Георгий медленно шел, поглядывая на выпиравшие из земли известковые камни на тропе и глинистые залысины, оставшиеся от множества следов человеческих ног. Он поднимался все выше и выше, я на самом верху горы, выйдя из леса на поляну, увидел море. Оно стояло перед ним затуманенной стеной, упираясь в небо. На одном краю моря клубились тучи, похожие вверху на снеговые горы, и море под ним было темным и таинственным. С другой стороны синева тонула в сиянии солнца. Море!.. «Огромное, как жизнь», — подумал Георгий, но тотчас отверг это банальное сравнение. Море — это море. А жизнь — это жизнь. Море разделило две половины его жизни: то, что было там, в далекой Болгарии, лежавшей за морем, и то, что было здесь, у этого края моря, — напряженная работа, новые друзья, и Роза, и малыш Митенька — сынишка… И тревожный и полный скрытого напряжения мир осени 1936 года…
Постояв над морем, Георгий начал спускаться той же тропой вниз. Море вернуло и тоску по родине, и волнение, и привычные раздумья о том, что ждало их всех. Он почему-то подумал о Любе. Он не сможет забыть ее никогда…
Спустившись на асфальт шоссе, Георгий сказал сам себе интонацией Любы: «Работать! Работать!»
Он едва дотянул последние дни в санатории и, вернувшись в Москву, снова вошел в рабочую колею.
То, что происходило в Испании, отдавалось тревогой в сердце Димитрова. Во многих странах люди разных сословий и разных классов, люди разных возрастов, даже дети жили победами и поражениями республиканцев, как живут тем, что близко и глубоко лично. Мятеж франкистов против республиканского правительства Испании превратился в интервенцию немецких и итальянских фашистов. В Лондоне заседал «комитет по невмешательству», лишь облегчая действия интервентов: капиталистические страны отказывались продавать законному правительству Испанской республики оружие, а Германия и Италия беспрепятственно перебрасывали в лагерь мятежников новейшее вооружение и войска.

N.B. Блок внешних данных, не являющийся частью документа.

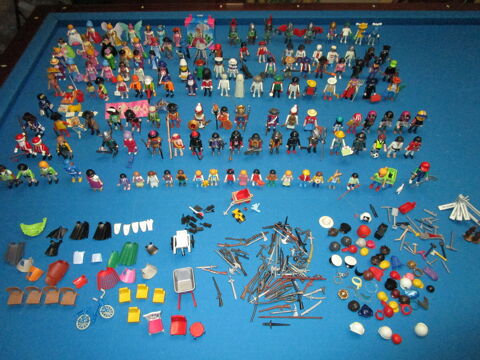 GROS LOT PLAYMOBIL  FIGURINES+ACCESSOIRES 100 Villepinte (93)
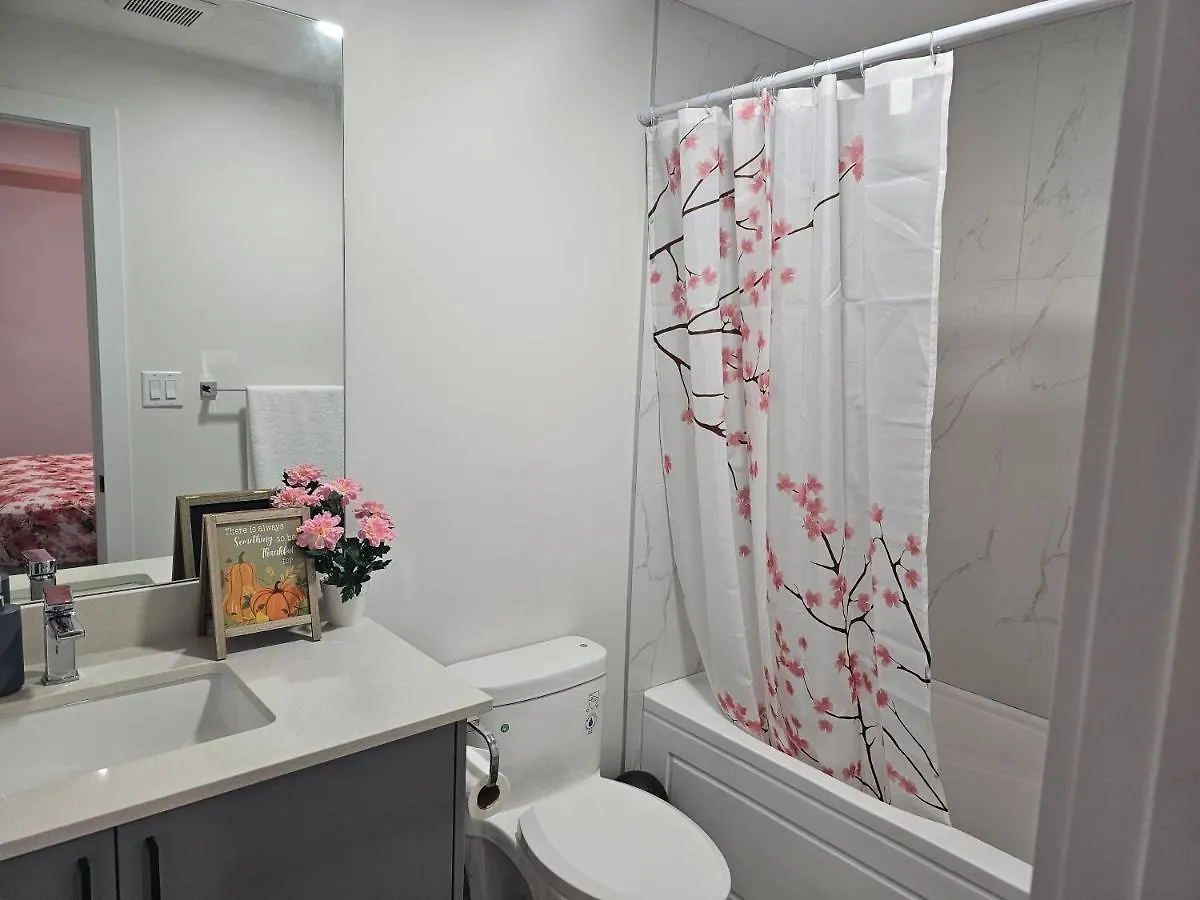 New Built House, Stay In Style Guest Suite, 2Bedroom, 2Bed, 2Bath Edmonton 0*,  Canada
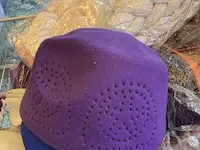 Diverse hoofddeksels en lingerie - afbeelding 6 van  17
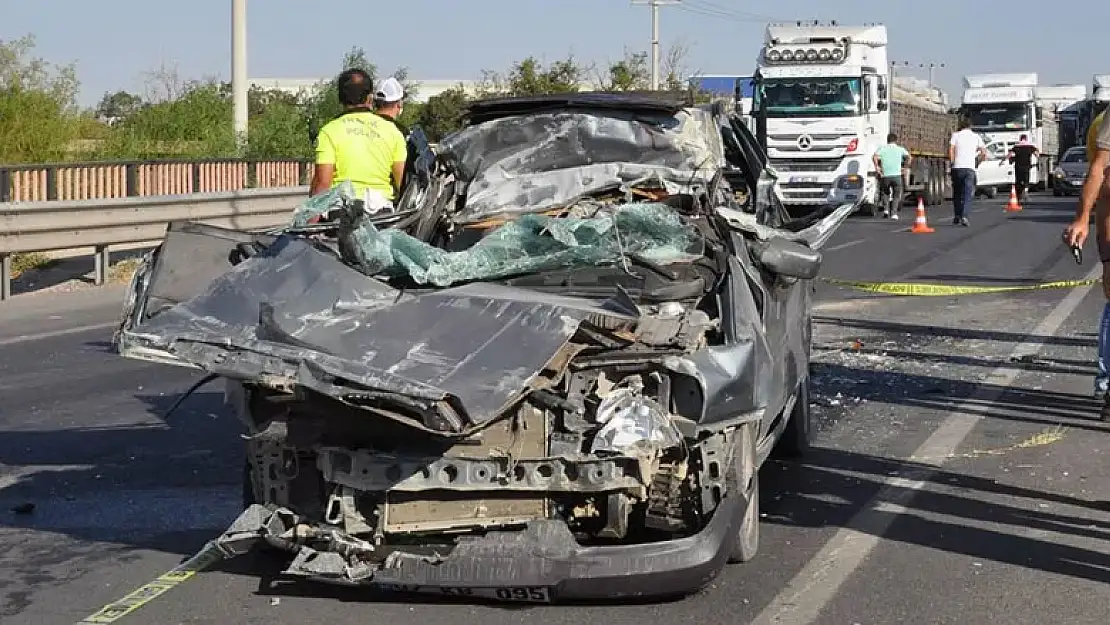 Konya'da tıra çarpan otomobilde 1 kişi öldü, 1 kişi yaralandı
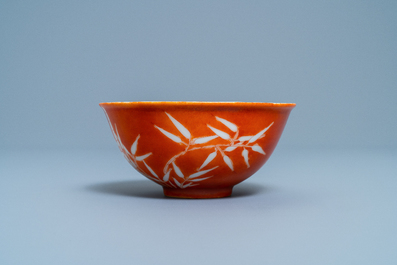 Un bol en porcelaine de Chine &agrave; d&eacute;cor de bambou sur fond corail, marque et &eacute;poque de Xuantong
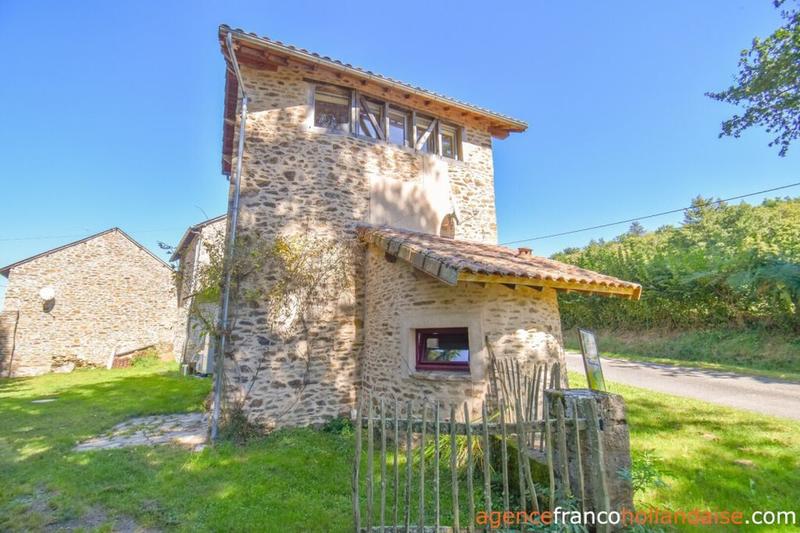 Maison - 112 m² - 9 pièces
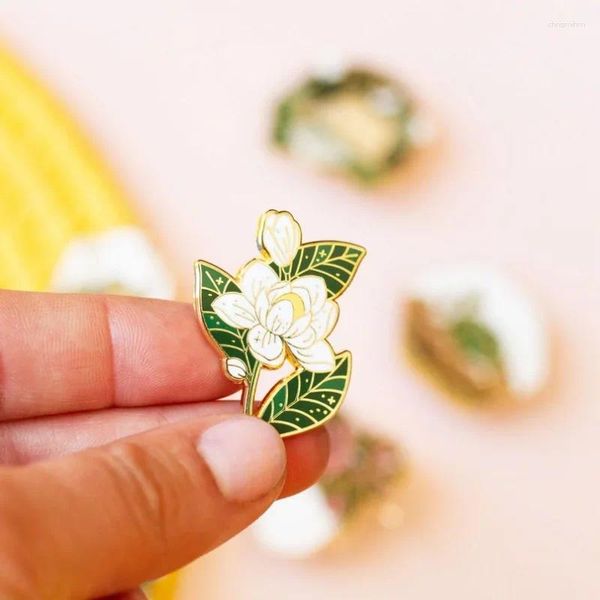 Broches Broche en émail dur Southern Magnolia | Badge à revers Floral plante d'intérieur, broche série fleur pour bijoux, accessoires, cadeaux, vente en gros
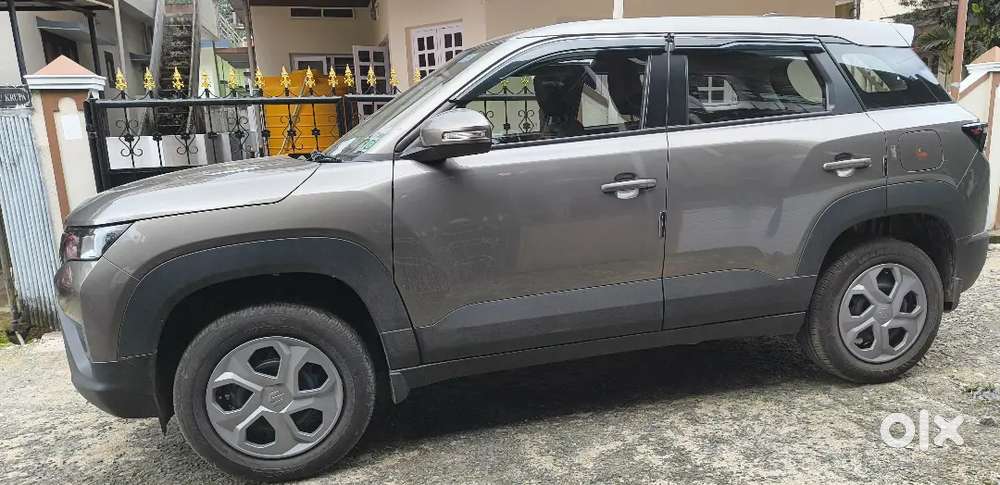 2024 Maruti Suzuki Brezza Lxi Petrol Manual  3955 Km  Single Owner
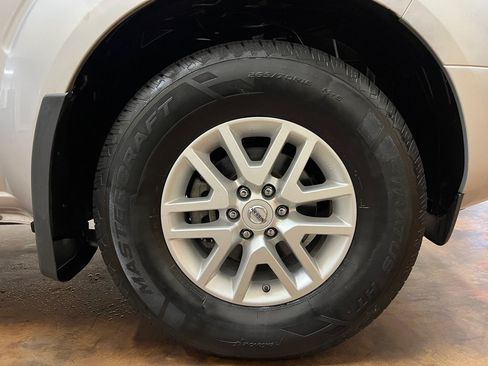 Used 2018 Nissan Frontier SV RWD image 76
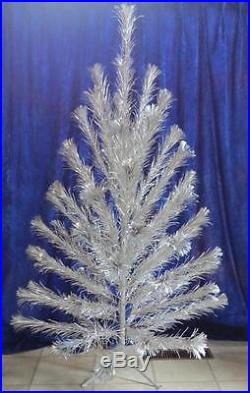 Vintage Star Band 6' Sparkler Aluminum Christmas Tree Pom Pom Everything Present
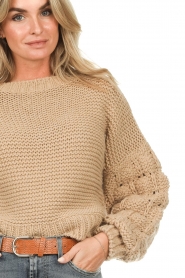 Kocca |  Knitted sweater with balloon sleeves Japai | camel  | Picture 8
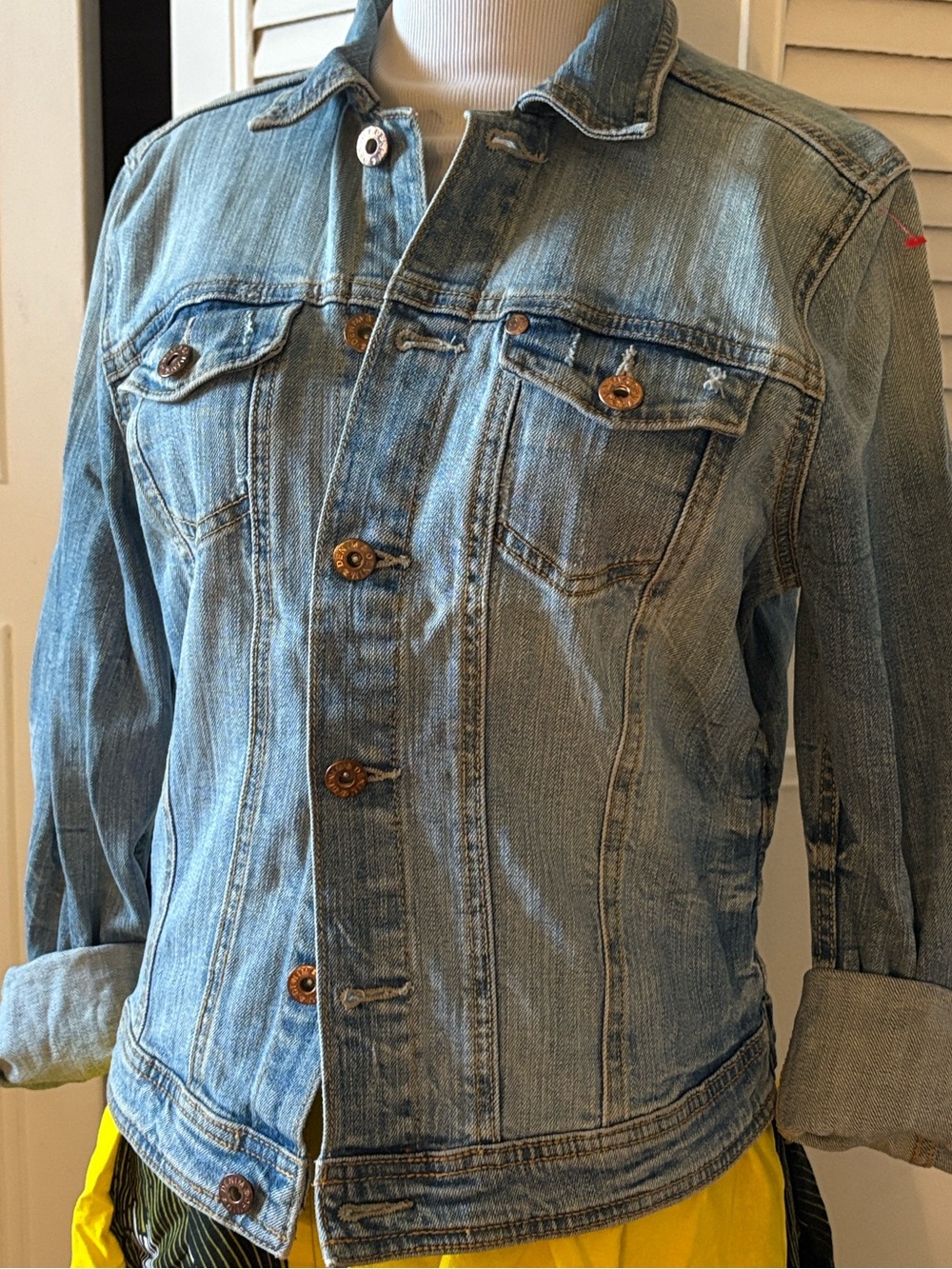 H&M Light Blue Denim Jean Jacket - Women's Button-Front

Политика единства, провозглашенная VII конгрессом, получила блестящее подтверждение в победе Народного фронта во Франции и Испании. Эта политика нашла в Испании проверку огнем и мечом: все здоровые силы нации объединились в борьбе против наступающего испанского и международного фашизма. Антифашисты из многих стран приехали в Испанию сражаться плечом к плечу с республиканцами.
Да, политика единства приносила свои реальные плоды!
Но долго ли продержится республиканская Испания в обстановке капитуляции западных правительств перед Гитлером и Муссолини, в обстановке «невмешательства» некоторых лидеров социал-демократии?
Оставалось одно: еще раз попытаться договориться о единстве действий с руководством II Интернационала.
Кому можно было доверить подготовку встречи? Тольятти уже обладал опытом переговоров с руководителями испанских социалистов. Можно было рассчитывать на трезвость его суждений.
Димитров переговорил с ним, и Тольятти согласился принять новое поручение Исполкома Коминтерна.